Short descriptive text snippets:
▶

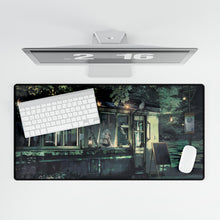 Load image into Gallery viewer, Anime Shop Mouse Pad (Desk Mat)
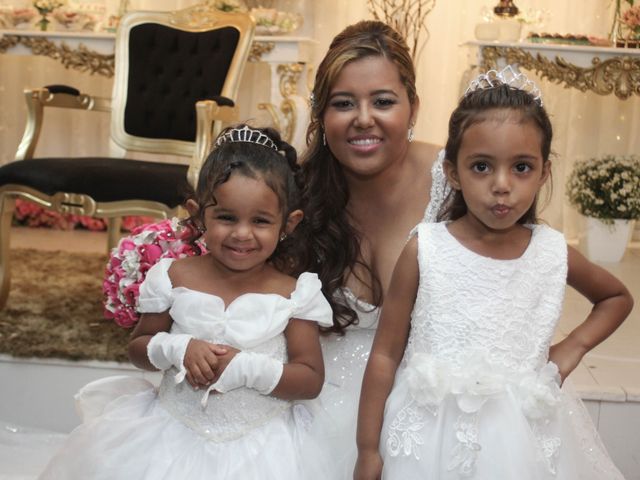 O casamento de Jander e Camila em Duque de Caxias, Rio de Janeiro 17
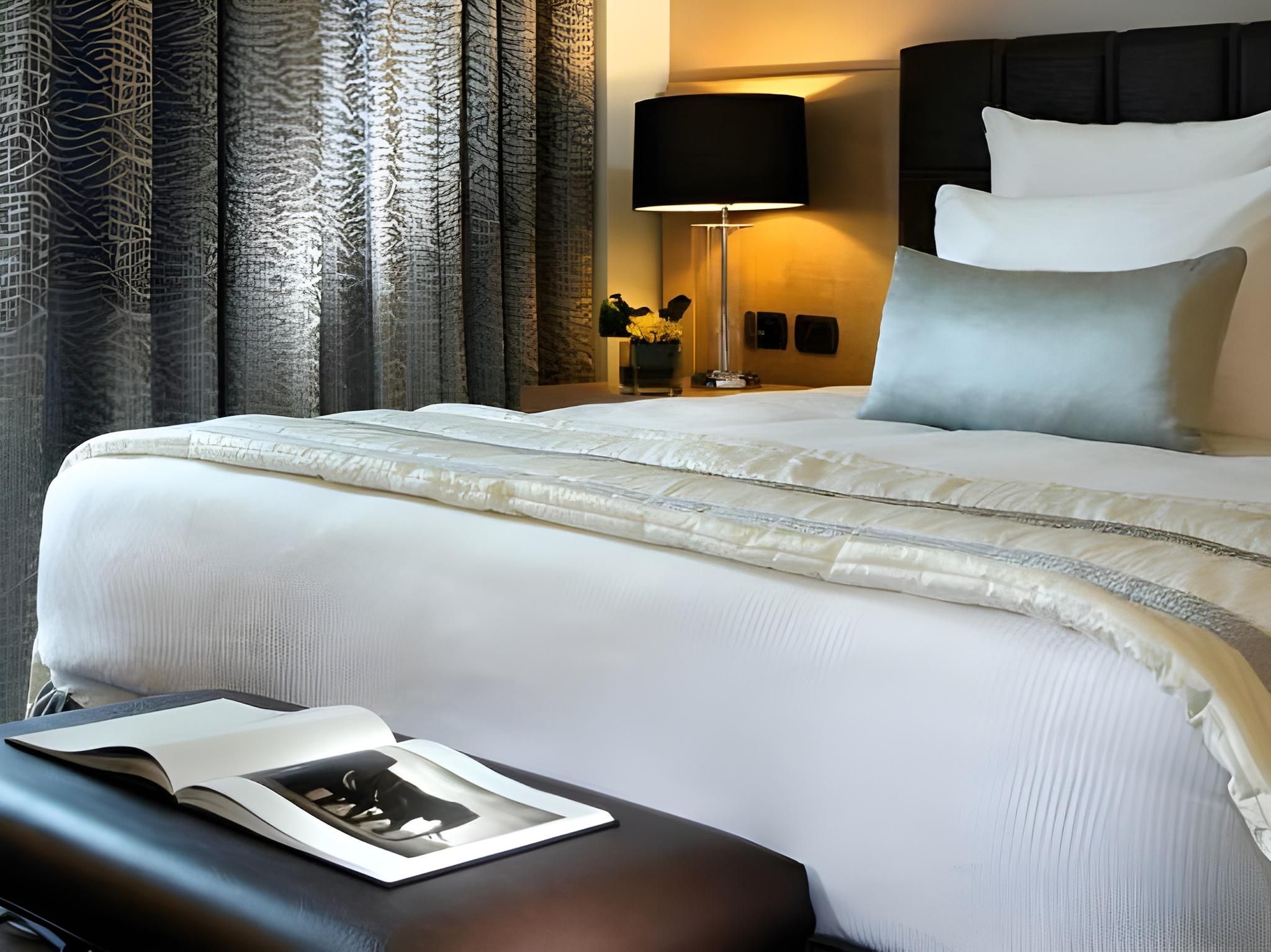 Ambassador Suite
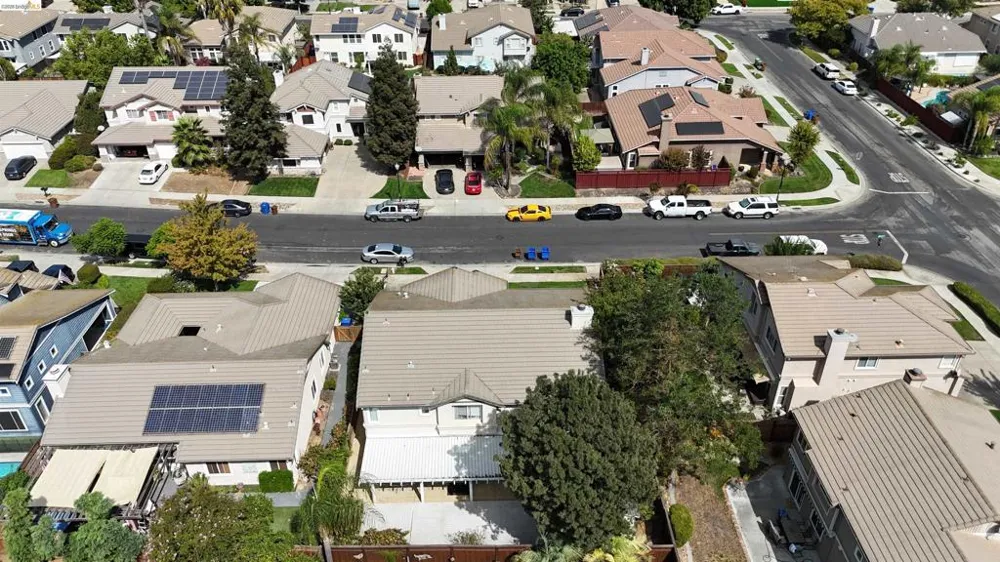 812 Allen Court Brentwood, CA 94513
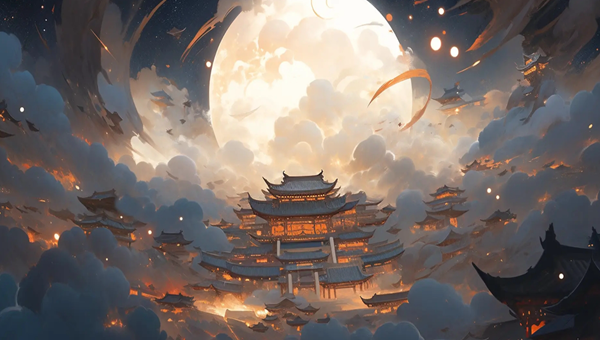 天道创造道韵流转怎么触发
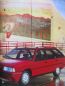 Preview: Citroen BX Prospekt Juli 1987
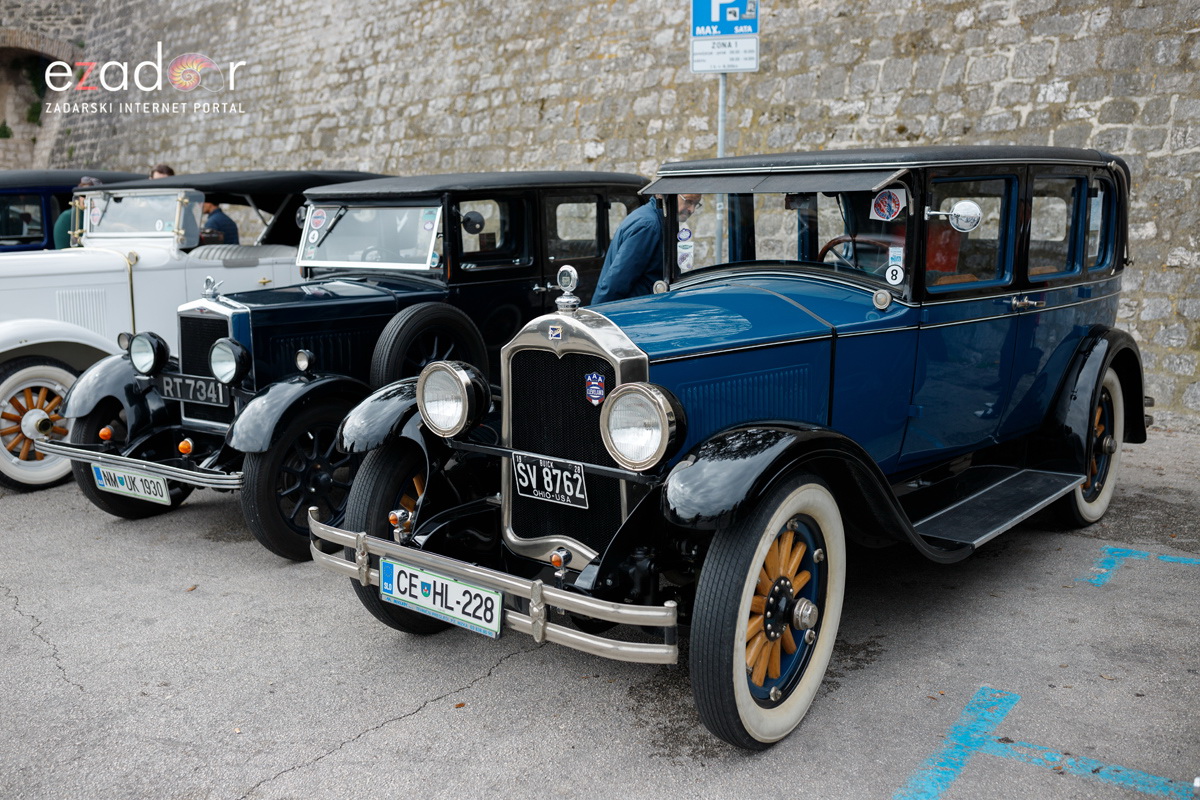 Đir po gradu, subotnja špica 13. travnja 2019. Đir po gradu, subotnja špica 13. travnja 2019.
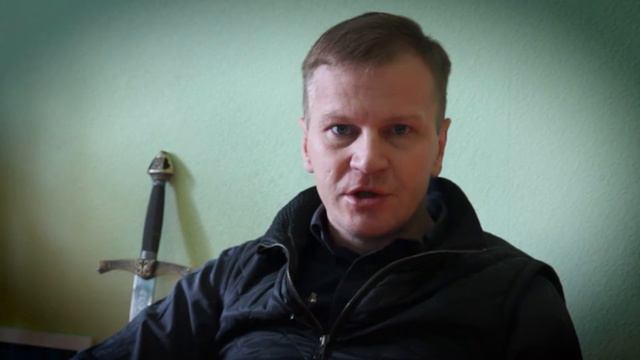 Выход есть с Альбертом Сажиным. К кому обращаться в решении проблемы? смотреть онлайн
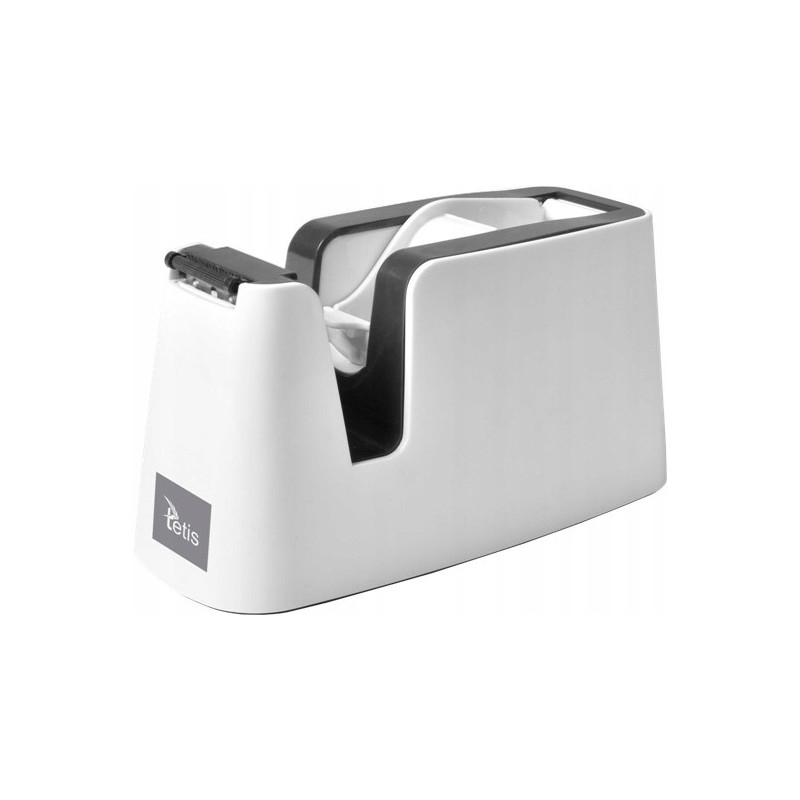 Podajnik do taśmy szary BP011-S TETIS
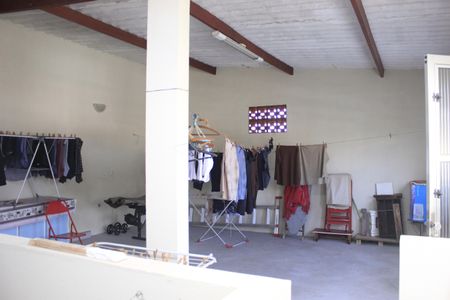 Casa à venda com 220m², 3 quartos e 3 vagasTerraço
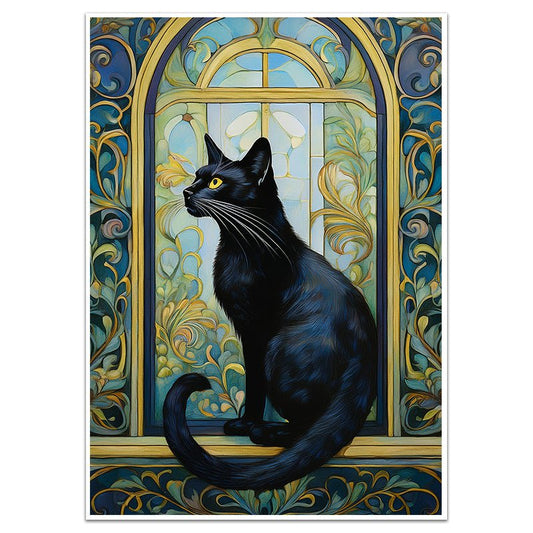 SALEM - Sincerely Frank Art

◀

About this exercise = Please transcribe exactly the lines from the start of the records through the line containing "Đir po gradu, subotnja špica 13. travnja 2019. Đir", leaving the pictures out.

Solution for this problem =
 Load image into Gallery viewer, Anime Shop Mouse Pad (Desk Mat)
 O casamento de Jander e Camila em Duque de Caxias, Rio de Janeiro 17
 Ambassador Suite
 812 Allen Court Brentwood, CA 94513
 天道创造道韵流转怎么触发
 Preview: Citroen BX Prospekt Juli 1987
 Đir po gradu, subotnja špica 13. travnja 2019. Đir po gradu, subotnja špica 13. travnja 2019.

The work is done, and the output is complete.